著者注:Google AI Studio の Build モードを使用したアプリデプロイの全工程を詳しく解説します。コードをローカル IDE にエクスポートし、APIYI などの低価格な中継 API を導入することで、開発コストを大幅に削減する方法を紹介します。
Google AI Studio でのアプリデプロイは、多くの開発者が関心を寄せるテーマです。AI Studio の Build モードを使えば、自然言語で React/Angular アプリを素早く作成できますが、公式 API の価格の高さがネックになります。コストをいかに抑えるかが鍵となります。
核心的な価値: 本記事を読み終える頃には、AI Studio アプリの完全なデプロイフローをマスターし、コードをローカル IDE にエクスポートして低価格な API 中継サイトと連携させる方法を習得できます。これにより、開発コストを 50%〜80% 削減することが可能です。

AI Studio デプロイの主要なポイント
| ポイント | 説明 | 価値 |
|---|---|---|
| Build モード開発 | 自然言語で記述するだけで React アプリを生成 | 迅速なプロトタイピング、コーディング不要 |
| コードのエクスポート | ZIP ダウンロードと GitHub 連携に対応 | ローカルでの二次開発が可能、完全な制御 |
| API の差し替え | リクエスト URL とキーを変更するだけ | 低価格な中継サイトに接続し、コストを削減 |
| デプロイの選択肢 | Cloud Run / GitHub Pages / 自前サーバー | デプロイ方法を柔軟に選択可能 |
なぜコードをエクスポートして中継 API に接続するのか?
Google AI Studio でのオンライン開発は非常に便利ですが、大きな課題があります。それは、公式の定価 API を使用していることです。
Gemini API 公式価格(2026年1月時点):
| モデル | 入力価格 (100万トークンあたり) | 出力価格 (100万トークンあたり) |
|---|---|---|
| Gemini 3 Pro Preview | $2.00 | $12.00 |
| Gemini 2.5 Pro | $1.25 | $10.00 |
| Gemini 2.5 Flash | $0.075 | $0.60 |
大量の API コールを必要とするアプリの場合、コストは急速に膨らみます。
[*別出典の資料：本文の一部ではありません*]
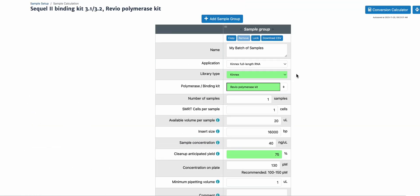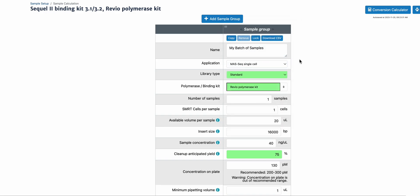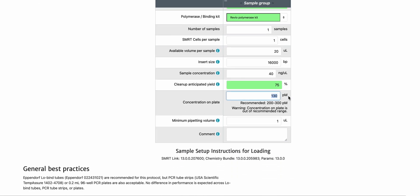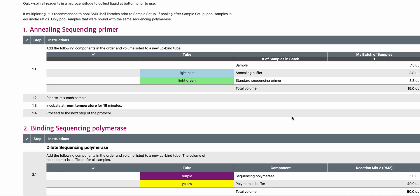Note that if you are using the MaSeq for 10X single-cell 3' kit, in application you should be selecting the MaSeq single-cell, which has a standard library type, a different concentration recommendation, and uses the standard sequencing primer.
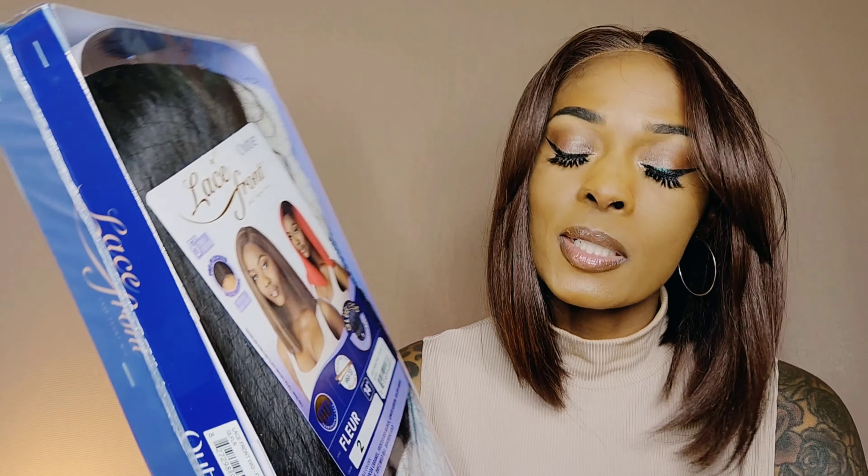Let me take this out of the package. Alright y'all, so just like the one that's on my head, this is part of Outre's Purple Pack collection. And it is in the style Fleur — F-L-E-U-R. Fleur is 14 inches long. Y'all asked for more medium length styles, so I said let me try to keep it natural and not mess around with color too much.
しかし、API 中継サイト(APIYI apiyi.com や wentuo.ai など)を利用することで、よりお得な価格で利用できます。
問題は: AI Studio のオンラインエディタでは API のリクエスト先を直接変更できないことです。解決策は、コードをローカル IDE(Cursor や VS Code など)にエクスポートし、設定を変更してからデプロイすることです。

AI Studio アプリのデプロイ ステップ1:Build モードでアプリを作成する
Build モードに入る
- aistudio.google.com にアクセスします
- 左側のナビゲーションにある「Build」をクリックします
- 「Create new app」を選択します
- 作成したいアプリを自然言語で記述します
プロンプト例:
AI翻訳アプリを作成してください。
ユーザーがテキストを入力すると、Gemini APIを呼び出して指定された言語に翻訳します。
中国語、英語、日本語、韓国語の4言語間の相互翻訳をサポートし、
インターフェースはシンプルでモダン、ダークテーマを使用してください。
Build モードの特徴
| 機能 | 説明 |
|---|---|
| リアルタイムプレビュー | コードを変更すると、すぐに結果を確認できます |
| フレームワークの選択 | デフォルトは React ですが、設定で Angular に切り替え可能です |
| 対話型開発 | 対話を通じてアプリの最適化や修正を継続的に行えます |
| API 自動統合 | お使いの AI Studio API キーを自動で使用します |
Build モードは、以下を含む完全なプロジェクト構造を自動生成します:
geminiService.ts: API 呼び出しロジック- コンポーネントファイル: UI インターフェースのコード
- 設定ファイル: プロジェクトの依存関係と設定
ヒント: Build モードで生成されたコードは GenAI TypeScript SDK を使用して Gemini API を呼び出します。エクスポート後は、他の API エンドポイントへ簡単に変更できます。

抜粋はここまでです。